(Scraped caption text data)

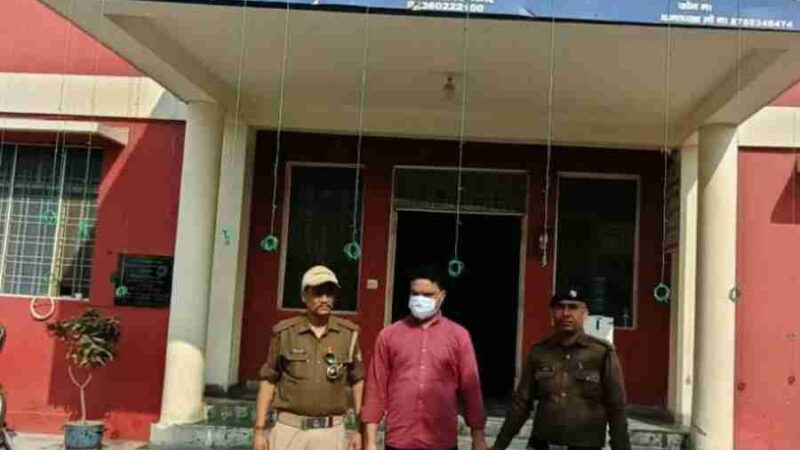 शादी का झांसा देकर युवती के साथ दुष्कर्म करने वाले अभियुक्त को दून पुलिस ने किया गिरफ्तार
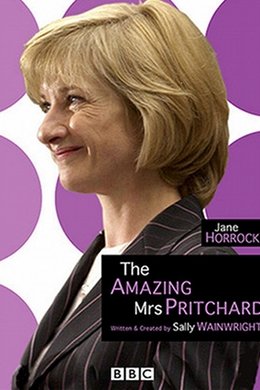 The Amazing Mrs Pritchard season poster
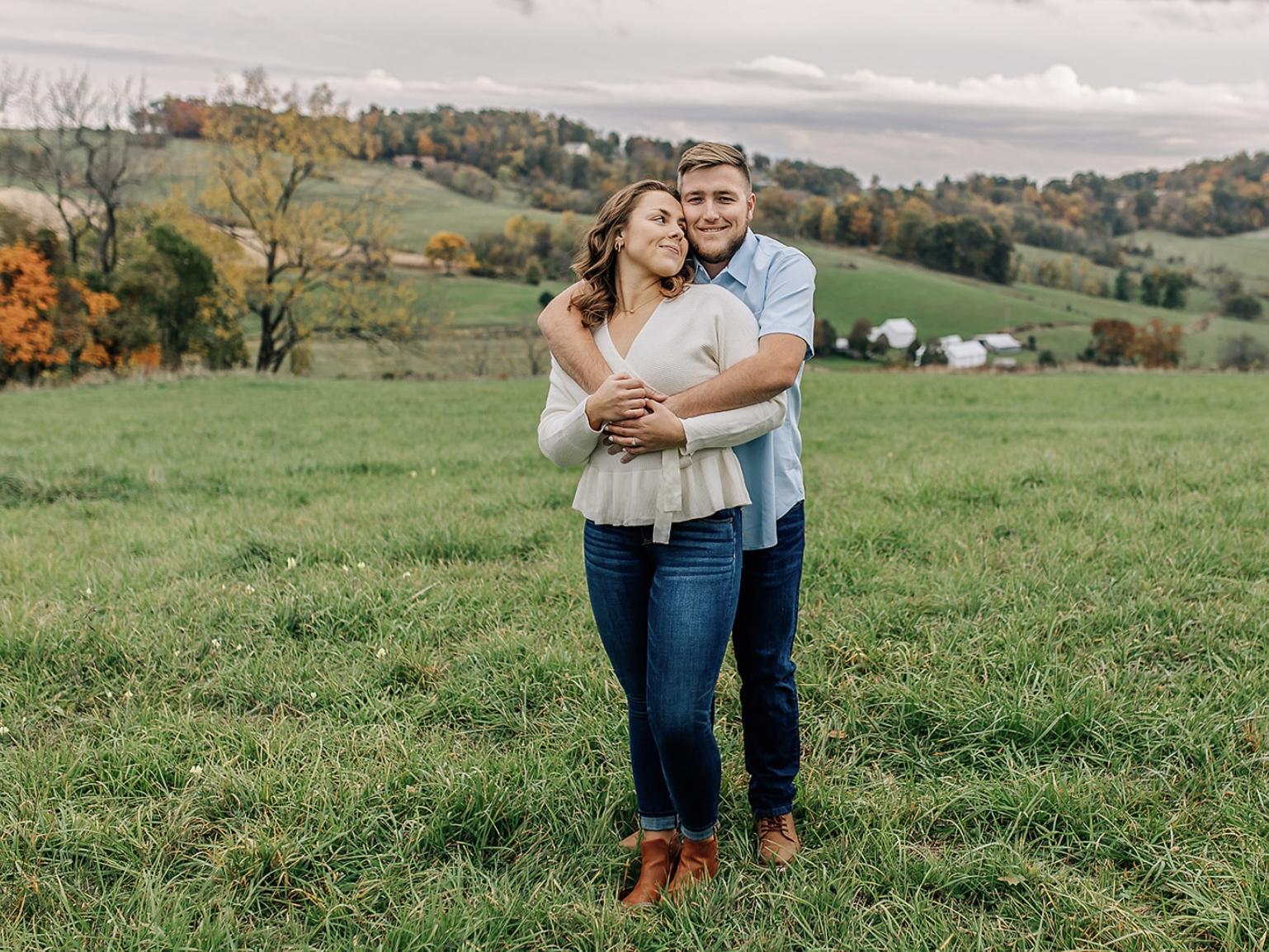 The Wedding Website of Haven Brandenburg and Kevin Lynott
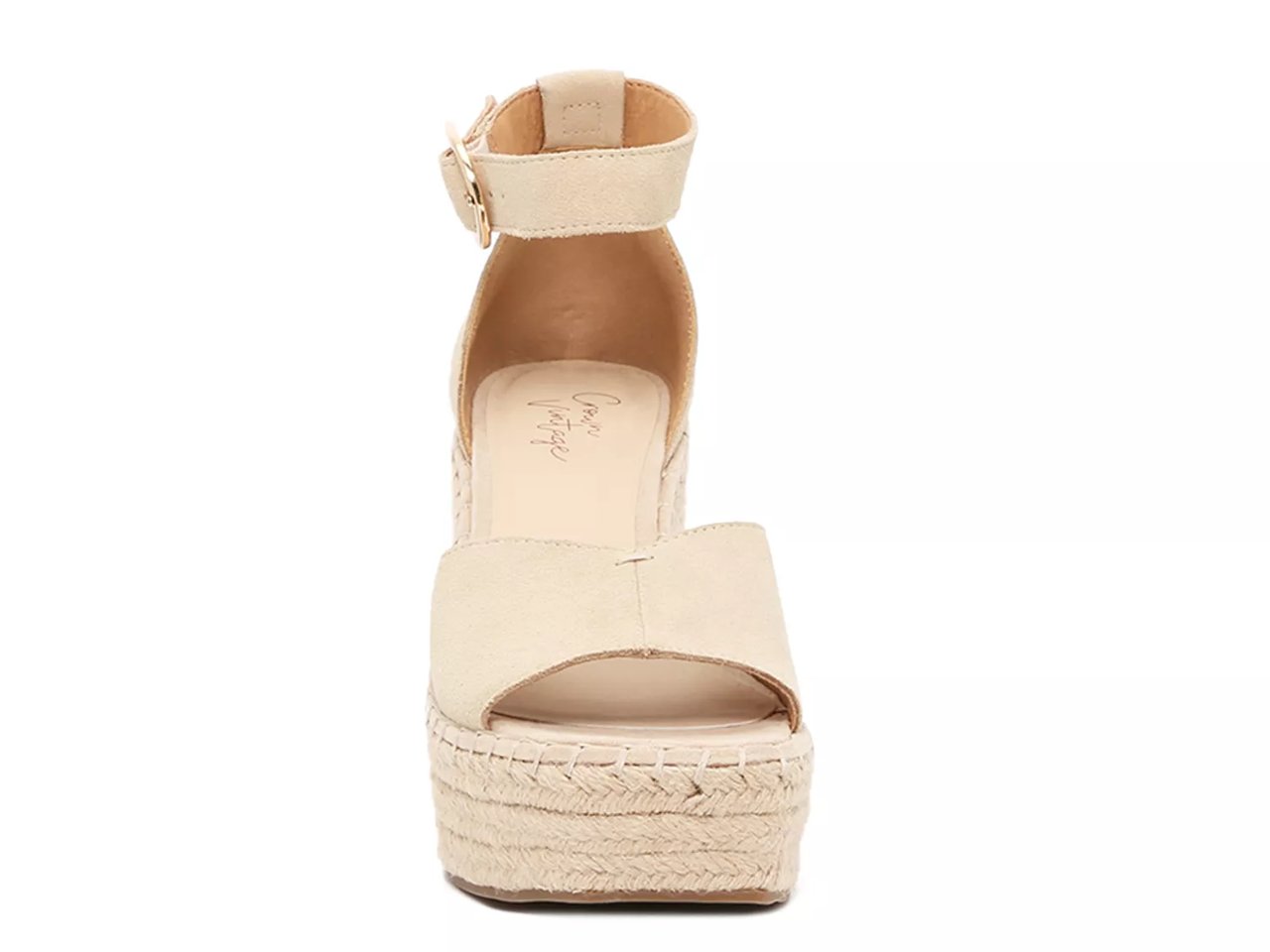 Jaussie Espadrille Wedge Sandal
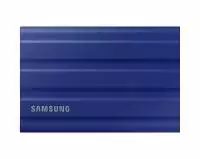 Външен SSD Samsung T7 Shield, 1TB USB-C, Син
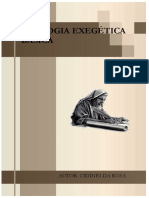 Teologia Exegética Básica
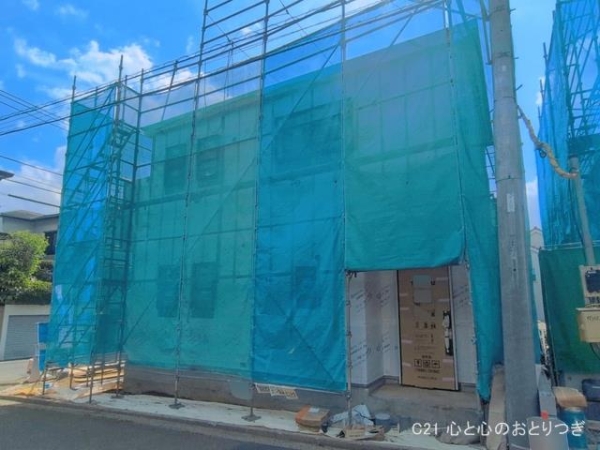 大和市代官2丁目　新築分譲住宅　1号棟
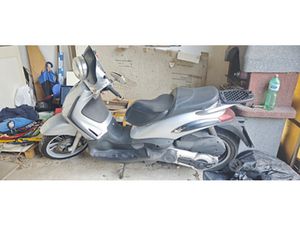 PIAGGIO BEVERLY 500 I.E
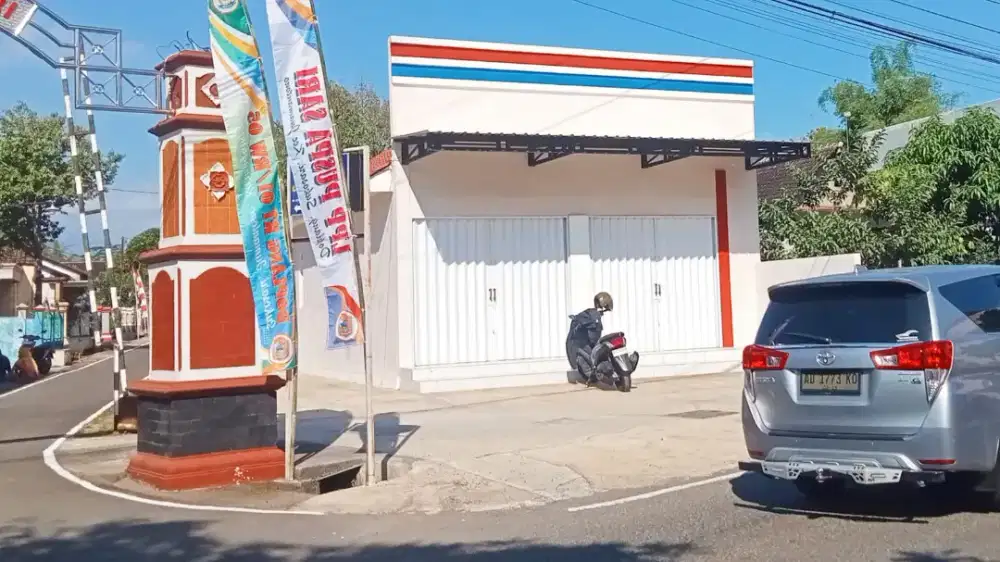 Ruko Jl Provinsi 5 km keselatan kota Karanganyar Lt 143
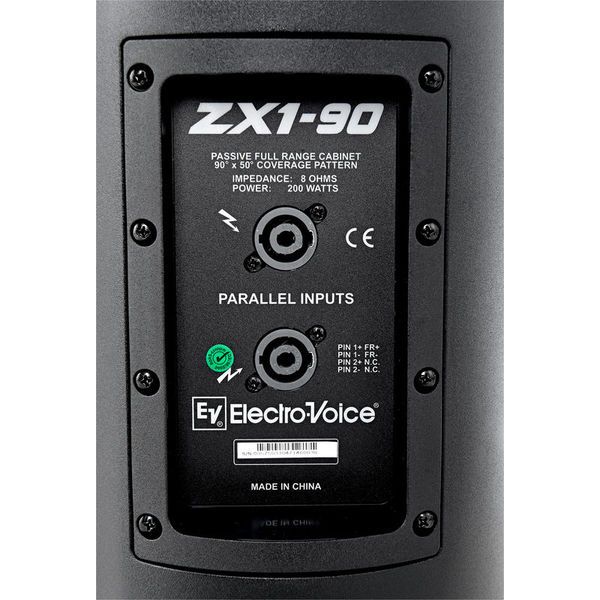 EV ZX1-90 Bundle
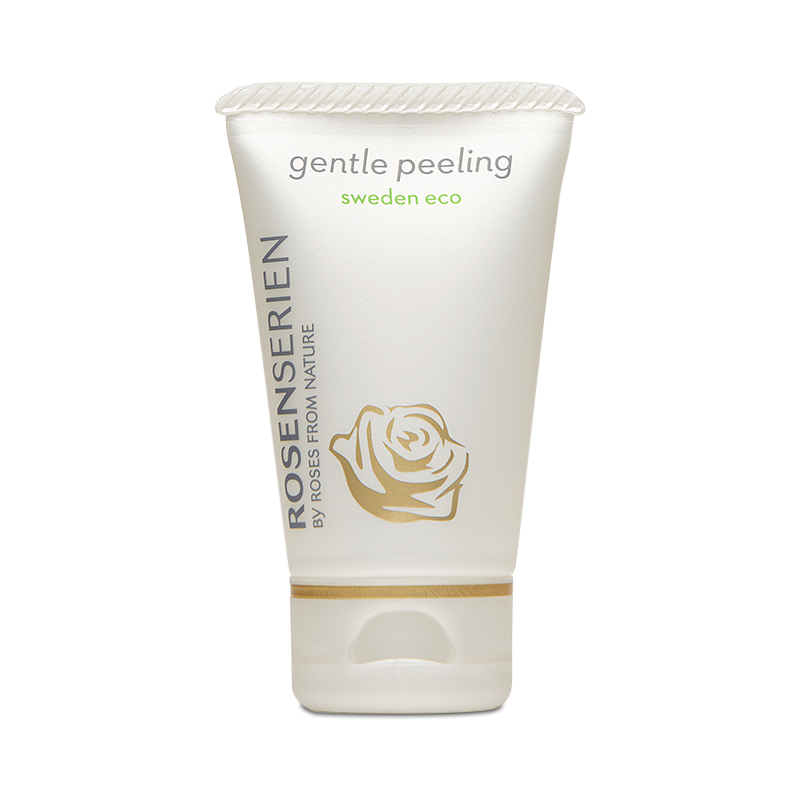Gentle Peeling 40 ml -  Rosenserien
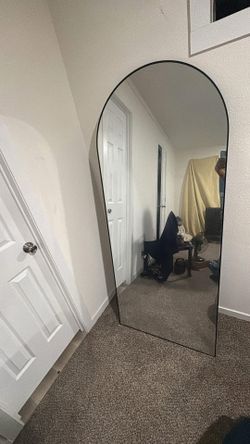 Full body mirror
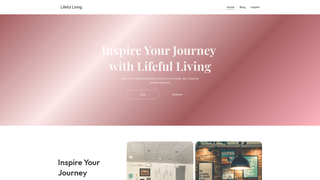 Thumbnail of lifefulliving.net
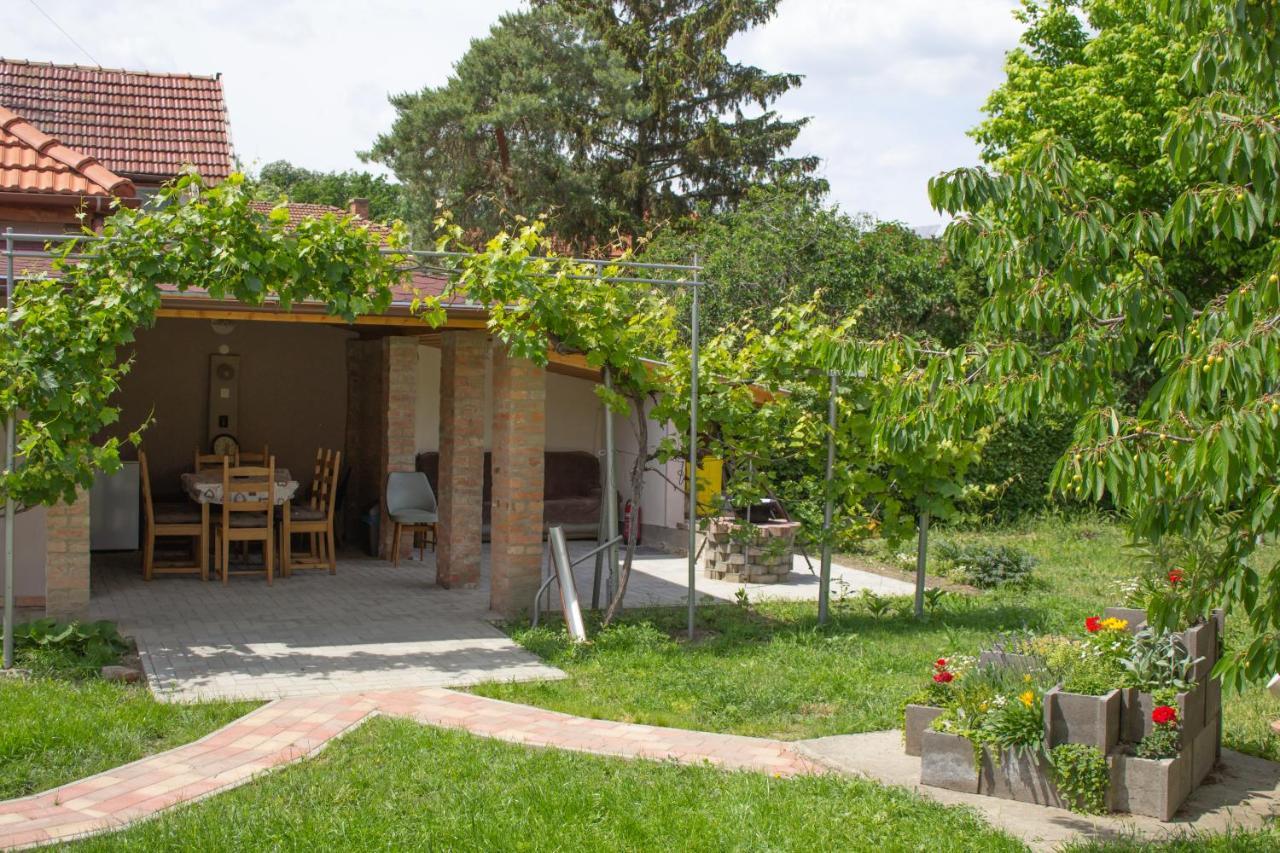 Ilona Apartman Gyula Esterno foto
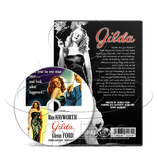 Gilda (1946) Drama, Film-Noir, Romance (DVD)
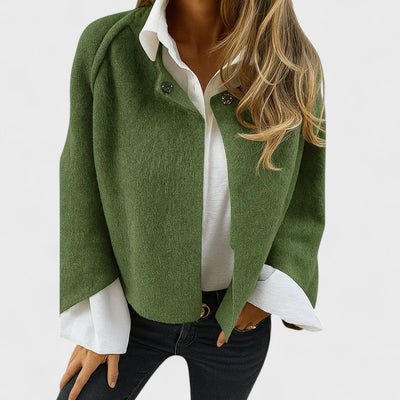 Judith - Elegante und warme Kurzjacke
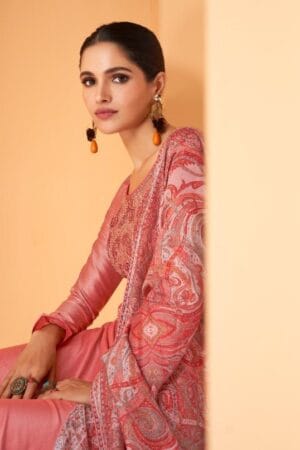 MOR BAGH KALAM SILK SUITS BY AASHIRWAD CREATION 4.jpg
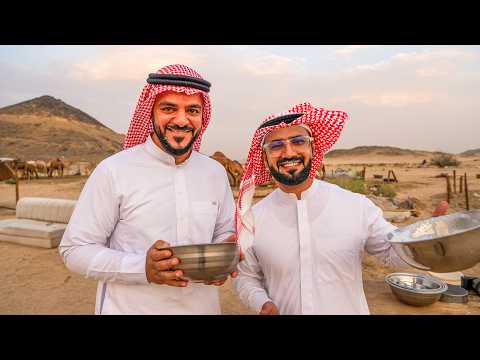 Village WEDDING Celebrations! 🇸🇦 In Saudi Arabia 😃 HUGE ARAB TRADITIONAL WEDDING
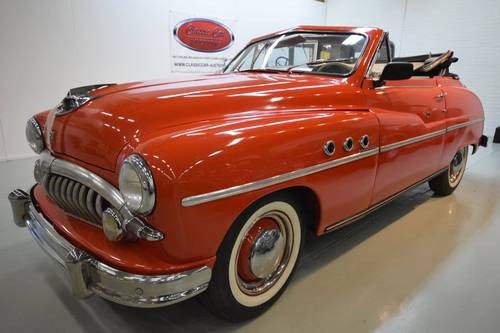 Ford Vedette Convertible 1951 For Sale by Auction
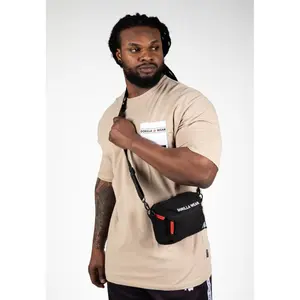 Sac bandoulière Gorilla Wear Brighton image-4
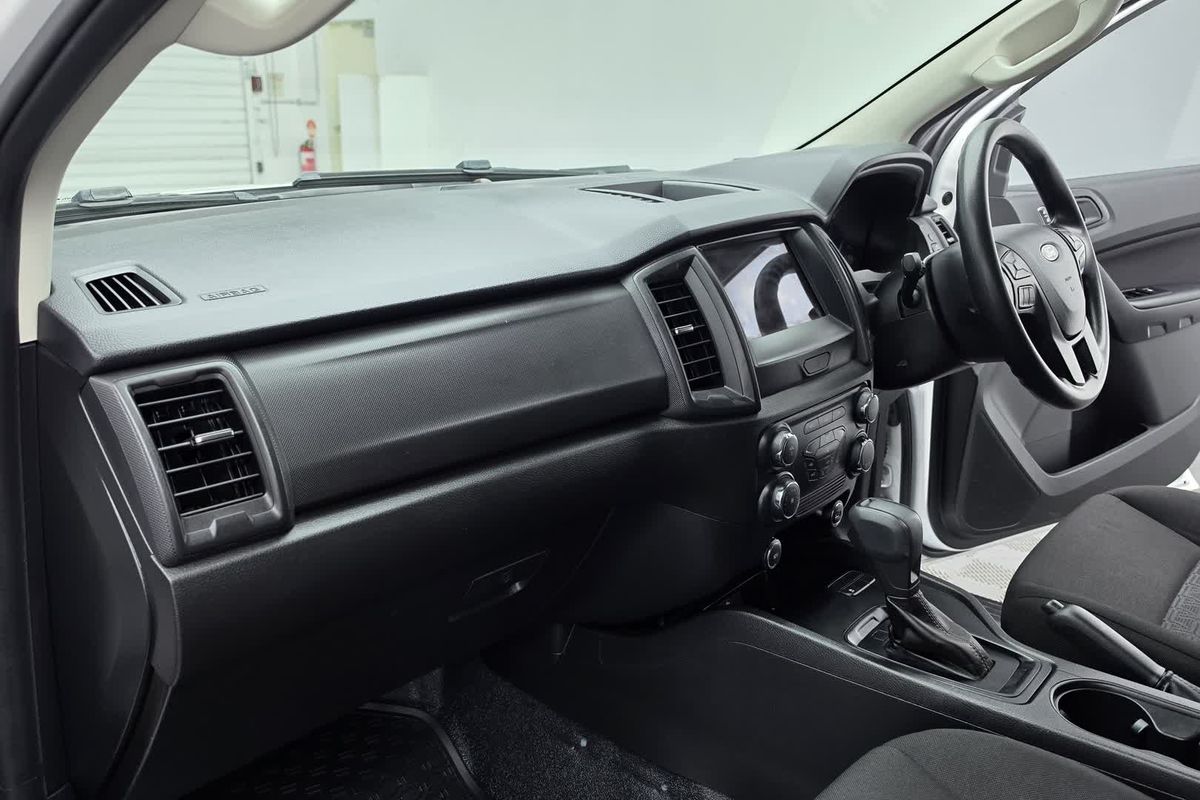 2022 Ford Ranger XL Hi-Rider PX MkIII Rear Wheel Drive 2.2L image 33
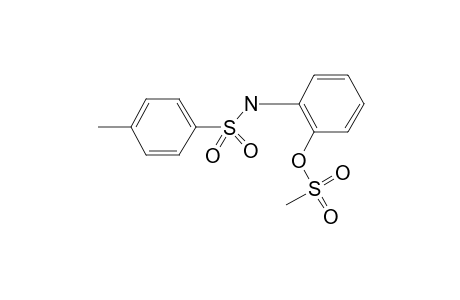 N-p-Toluenesulfonyl-o-methanesulfonyl[2-aminophenol]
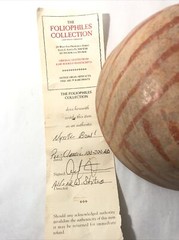 Pre-Classic 100-300 AD Nynte Pottery Bowl w. Red Painted Design.6”Rx3”T -Museum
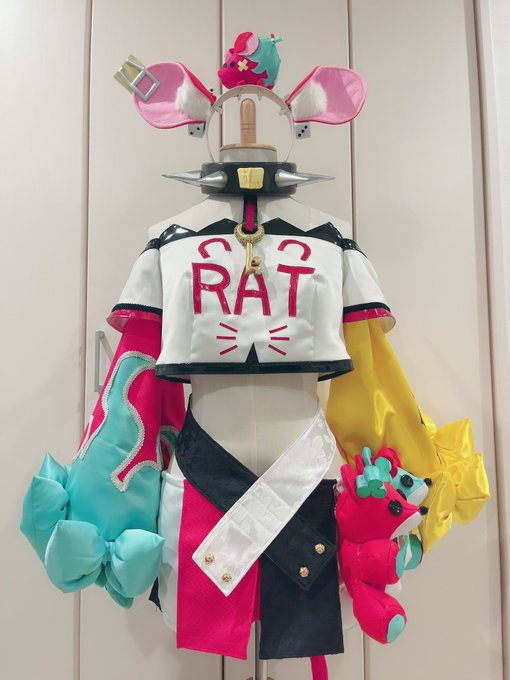 コスプレイヤーありさのTwitter画像6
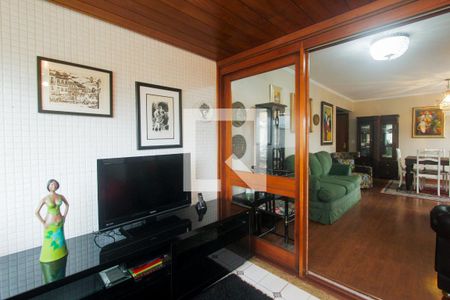 Varanda de apartamento à venda com 3 quartos, 136m² em Bela Vista, Porto Alegre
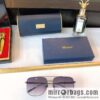 CHOPARD Chopard light metal series unisex sunglasses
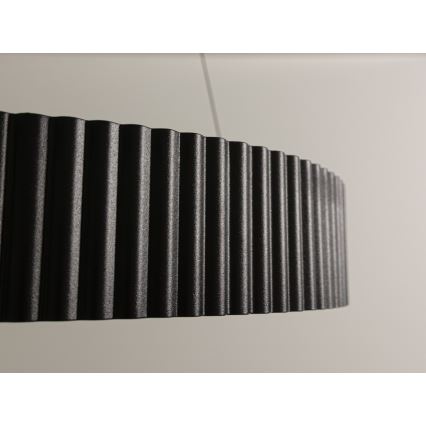 Zatemljiv LED lestenec na kablu LED/75W/230V 3000-6500K premer 49 cm + daljinski upravljalnik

▶ **Brief**: Write every record out again exactly; no pictures belong in the copy.

▶ **Response to the exercise**:
 शादी का झांसा देकर युवती के साथ दुष्कर्म करने वाले अभियुक्त को दून पुलिस ने किया गिरफ्तार
 The Amazing Mrs Pritchard season poster
 The Wedding Website of Haven Brandenburg and Kevin Lynott
 Jaussie Espadrille Wedge Sandal
 Външен SSD Samsung T7 Shield, 1TB USB-C, Син
 Teologia Exegética Básica
 大和市代官2丁目　新築分譲住宅　1号棟
 PIAGGIO BEVERLY 500 I.E
 Ruko Jl Provinsi 5 km keselatan kota Karanganyar Lt 143
 EV ZX1-90 Bundle
Gentle Peeling 40 ml -  Rosenserien
 Full body mirror
 Thumbnail of lifefulliving.net
 Ilona Apartman Gyula Esterno foto
 Gilda (1946) Drama, Film-Noir, Romance (DVD)
 Judith - Elegante und warme Kurzjacke
 MOR BAGH KALAM SILK SUITS BY AASHIRWAD CREATION 4.jpg
 Village WEDDING Celebrations! 🇸🇦 In Saudi Arabia 😃 HUGE ARAB TRADITIONAL WEDDING
 Ford Vedette Convertible 1951 For Sale by Auction
 Sac bandoulière Gorilla Wear Brighton image-4
 2022 Ford Ranger XL Hi-Rider PX MkIII Rear Wheel Drive 2.2L image 33
 N-p-Toluenesulfonyl-o-methanesulfonyl[2-aminophenol]
 Pre-Classic 100-300 AD Nynte Pottery Bowl w. Red Painted Design.6”Rx3”T -Museum
 コスプレイヤーありさのTwitter画像6
 Varanda de apartamento à venda com 3 quartos, 136m² em Bela Vista, Porto Alegre
 CHOPARD Chopard light metal series unisex sunglasses
 Zatemljiv LED lestenec na kablu LED/75W/230V 3000-6500K premer 49 cm + daljinski upravljalnik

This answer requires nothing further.